In this section, plans and secrets are revealed, and the Heroes try to take charge of their destinies.
Rand hatches a plan to acquire his own army by entering Rhuidean and winning the hearts of the Aiel. Through shrewd deductions, he determines he can travel from Tear to Rhuidean in a day using Portal Stones. He holds onto this secret means of travel until the last possible moment. The author does the same, showing Rand think repeatedly to himself that he can hold out just a little longer before telling. This small mystery is solved, but a few more are introduced: Rand’s father, not mother, was Aiel, contradicting what has been insinuated previously; who are the Jenn Aiel?; what will they find in Rhuidean?
Rand also made plans for Tear, trying to elevate the peasantry out of their grinding poverty, trying to shape the nation into something in line with his ideals. With Thom’s help he has disposed of several threats to his rule from the nobility. He is trying to treat the Tairens as his flock, sparing a care for even the High Lords he is threatening to execute. This behaviour is contrary to Moiraine’s, who puts achieving her goals and winning the Last Battle ahead of everything else. Over time, Rand will embrace Moiraine’s ideals, becoming cold and driven, even as his allies try to reintroduce the concepts of mercy and love to him. Moiraine and Lan may have had the important task of finding Rand, but their influence on his behavior has overall been negative and sets him down a path of self-destruction.
Moiraine’s thoughts regarding Rand involve frequent use of the puppet on a string metaphor.  She ties strings, she deliberately seeks to control and manipulate him just as Thom feared. The author could have chosen a number of metaphors to express this Aes Sedai need for control, but he deliberately chose the one which Ba’alzamon had used, which has appeared in certain dreams, which has very negative connotations. The goal is to make the reader see Moiraine as plainly untrustworthy, as someone that Rand cannot confide in, so as to increase the sense of desperation he feels. Even noting how Lan, who is a very likeable character, is contemplating leaving Moiraine’s side, adds to the feeling that there is something wrong with Moiraine, and justifiable in stymieing her plans. Every one of Rand or Mat’s insolent grins at her also undermines her standing. There is never just one technique used to affect reader’s perceptions, there are several, subtly working together.
It seems one of Moiraine’s questions to the Aelfinn involved the list of Red Ajah she promises to Thom, for the expedient purpose of getting him out of the way, unless the story of the rogue gentling was well known among the Aes Sedai.
The Portal Stones and discussion of tel’aran’rhiod remind me to examine the geography of the universe.
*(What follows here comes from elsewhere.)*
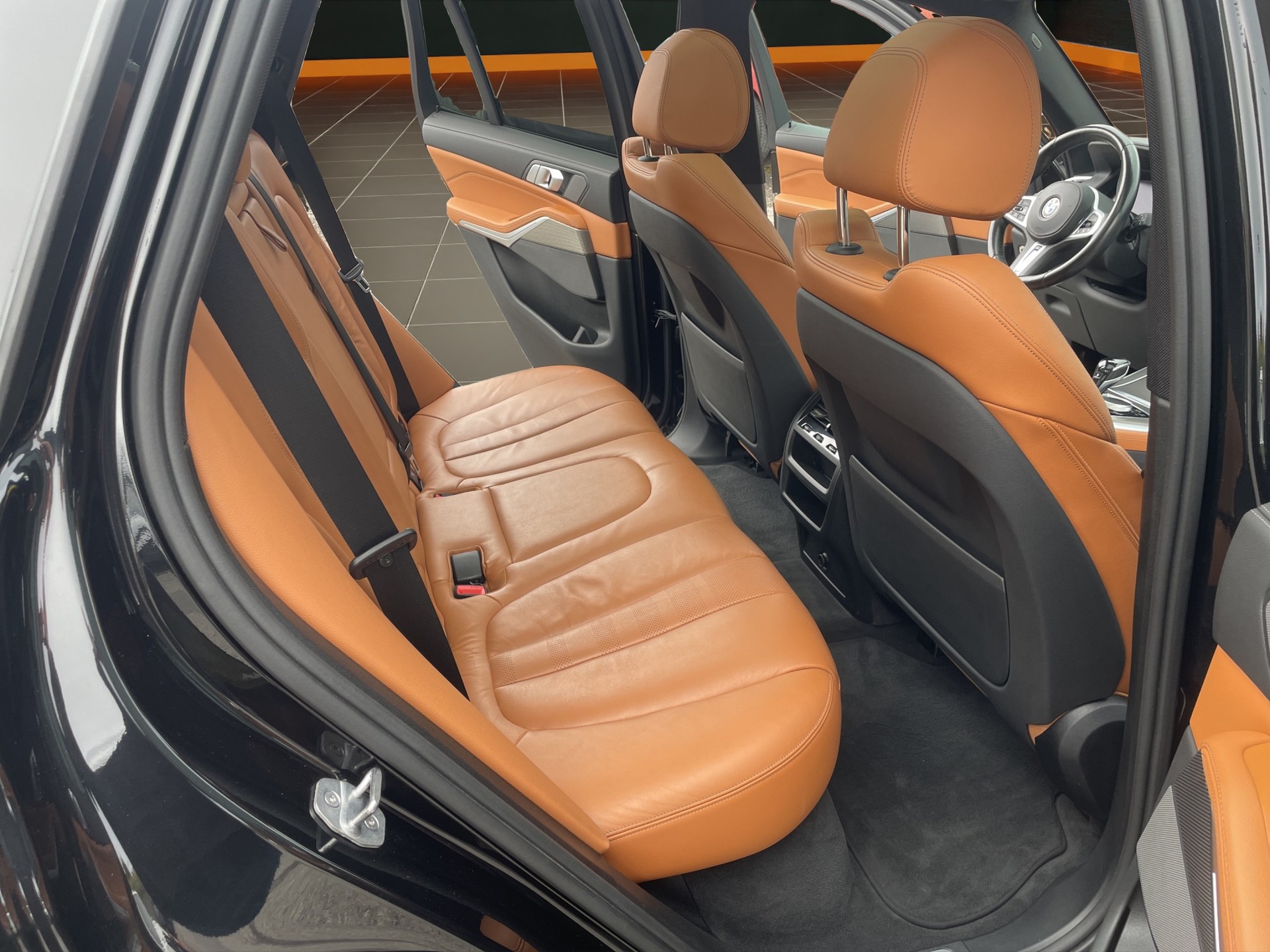 BMW X5 xDrive M50d Steptronic-image-14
Each mirror world is represented by a horizontal line, other worlds which are even harder to reach, such as the Aelfinn world or worlds that might be reached with an Ogier Book of Translation, are represented by vertical lines crossing the horizontal lines. These are the warp and woof of Verin’s Pattern. And accessible from all of them is the World of Dreams. Some places do not have accessible reflections in tel’aran’rhiod, such as stedding and Rhuidean. What a strange weave to cut off access from tel’aran’rhiod! Useful however, to close the unguarded back door into every fortress. The World of Dreams must also have reflections of the Mirror Worlds and the ‘vertical’ worlds as well! Is the strange realm of spires and ramps that Rand evaded Forsaken in simply a tel’aran’rhiod reflection of the Ways? The property of laying across mirror worlds is that a number of different outcomes of the past or future can be observed. This may explain the Aelfinn ability to give true answers, or a Dreamer’s ability to gain insight about the future. Mirror Worlds are faded if the decisions leading to them are improbable. A probability density function can be used to interpret the ‘realness’ of Mirror Worlds and see what has happened or may happen. Is this why the Wise Ones speak about future events in an odds-based vocabulary? Parts of Tel’aran’rhiod itself shift in relation to the probability that an object is in a given location or not. The more likely it keeps a fixed location in the real world, the more stability its reflection has in tel’aran’rhiod. One should be able to travel to reflections of the other worlds, somehow. What keeps our heroes anchored in the reflection of their own World? Simple probability, or lack of awareness that other reflections exist? Do the Mirror People also have souls? Can they somehow also be represented at the Last Battle, the battle for all creation? I can’t help but feel they will be there.
Egwene’s lessons haven’t even started yet, but we’ve learned much about what can be done in tel’aran’rhiod, if not how. The Wise Ones are being set up as mentor characters, supplanting Moiraine and Lan.
A technique used frequently in this book, probably due to the number of characters being juggled, is that important events concerning a character may be told from a different character’s point of view. Some examples were Aviendha being sent to Rhuidean as seen by Egwene, Rand’s gathering of the High Lords as seen by Moiraine, Lan and Nynaeve’s romance as seen by Elayne. The advantage is that it requires fewer switches back and forth between character points of view. A disadvantage is that a long-awaited or compelling scene lacks a direct report of the emotions felt by the character, it is only seen from the outside looking in. An author could selectively time these scenes and the way they are presented to affect the tempo of the book. Not showing a scene from the concerned character’s perspective also allows the reader to imagine and imprint their own ideas about what is going through the character’s head, creating mystery or tension. There could be several reasons to select or avoid a given character’s point of view.  
The Aiel and Sea Folk have larger cultural differences with the Heroes than any previously encountered people. In earlier books, Robert Jordan would have one culture lead into the other, or have them play off each other. Here, both cultures endure certain hardships particular to their home, have prophecies foretelling massive change to their way of life, have lived in seclusion from the centre of the continent, hiding their channelers. They are meant to express the same idea, that every person in every place in the world has as take in the events unfolding.  
Next time: My favorite chapters ever!
Writing Lessons:
Use an old idea in a new place to associate the reaction to the old idea to the new place.

2 comments:

  1. I think the "other point of view of defining moments of a character" is also that it is much harder to make the reader feel like the person when you are describing the emotions directly. My head can usually feel (empathy) what a person is feeling by seeing the "outside", but not when it is described directly, as then this emotions become "analysed". This is especially so when the emotion is intense and probably erratic, like Lan and Nynaeve’s romance scene in the beginning of the series. So I think it is also a shortcut for the author ("let the readers imagination do the work instead of me writing it down until it feels real").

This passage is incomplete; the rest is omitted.